Flowtron is an auto-regressive flow-based generative network for text to speech synthesis with control over speech variation and style transfer
https://nv-adlr.github.io/Flowtron
Apache License 2.0
889 stars 177 forks source link

Unintelligible speech - inference on pre-trained models #19

Closed adrianastan closed 4 years ago

adrianastan commented 4 years ago

I am trying to synthesise audio starting from the available pre-trained models

python3 inference.py -c config.json -f models/flowtron_ljs.pt -w models/waveglow_256channels_universal_v4.pt -t "Hey hello there" -o output_synth/ -i 0

but the output is not intelligible:

https://drive.google.com/file/d/1bWpbnMoRF5lm5RYwxZNj8bomiY_WF3mA/view?usp=sharing

The alignment also looks off:

sid0_sigma0 5_attnlayer0

sid0_sigma0 5_attnlayer1

I tried with both LJS and LibriTTS models.

Any idea why this happens?

Thanks!

rafaelvalle commented 4 years ago

Add a period to the end of your sentence.

adrianastan commented 4 years ago

Tried that right after running the first inference, same result: https://drive.google.com/file/d/1MHpx4GZpz8A8slnYNoQ8bJmka4Qq8BGf/view?usp=sharing

Slightly different sounds, but still not intelligible.

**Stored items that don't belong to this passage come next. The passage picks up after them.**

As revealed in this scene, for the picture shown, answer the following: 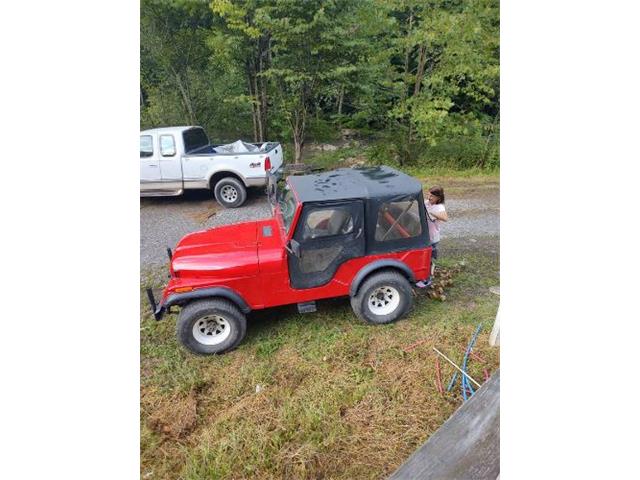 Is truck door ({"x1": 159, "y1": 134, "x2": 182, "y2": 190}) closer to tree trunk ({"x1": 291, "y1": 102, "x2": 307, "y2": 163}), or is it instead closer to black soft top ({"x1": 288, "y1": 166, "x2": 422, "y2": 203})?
tree trunk ({"x1": 291, "y1": 102, "x2": 307, "y2": 163})

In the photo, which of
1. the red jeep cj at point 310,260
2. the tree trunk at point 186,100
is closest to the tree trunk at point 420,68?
the red jeep cj at point 310,260

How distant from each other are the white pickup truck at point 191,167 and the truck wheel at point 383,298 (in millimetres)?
3807

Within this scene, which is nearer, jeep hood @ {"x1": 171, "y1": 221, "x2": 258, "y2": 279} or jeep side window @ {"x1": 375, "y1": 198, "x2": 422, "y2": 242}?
jeep hood @ {"x1": 171, "y1": 221, "x2": 258, "y2": 279}

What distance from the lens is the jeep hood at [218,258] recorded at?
3002mm

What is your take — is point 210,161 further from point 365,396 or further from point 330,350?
point 365,396

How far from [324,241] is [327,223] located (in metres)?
0.15

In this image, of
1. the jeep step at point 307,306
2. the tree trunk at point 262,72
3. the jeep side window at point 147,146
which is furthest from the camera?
the tree trunk at point 262,72

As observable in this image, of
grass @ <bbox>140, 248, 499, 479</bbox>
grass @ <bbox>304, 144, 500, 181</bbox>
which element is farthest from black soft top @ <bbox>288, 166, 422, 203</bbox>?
grass @ <bbox>304, 144, 500, 181</bbox>

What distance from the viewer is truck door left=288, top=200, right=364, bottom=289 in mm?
2988

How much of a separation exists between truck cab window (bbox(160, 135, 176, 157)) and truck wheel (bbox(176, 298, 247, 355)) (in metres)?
4.41

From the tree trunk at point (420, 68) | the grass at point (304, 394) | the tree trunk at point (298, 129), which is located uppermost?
the tree trunk at point (420, 68)

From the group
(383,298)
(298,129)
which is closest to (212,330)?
(383,298)

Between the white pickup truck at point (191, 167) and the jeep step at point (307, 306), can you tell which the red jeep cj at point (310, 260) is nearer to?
the jeep step at point (307, 306)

rafaelvalle commented 4 years ago

Pull from master and run the code below.

python inference.py -c config.json -p model_config.n_speakers=1 data_config.p_arpabet=1.0 -f models/flowtron_ljs.pt -w models/waveglow_256channels_universal_v4.pt -t "Hey. Hello there." -o output_synth/ -i 0 -s 0.5 -g 0.7

adrianastan commented 4 years ago

Great, that worked! Thank you very much.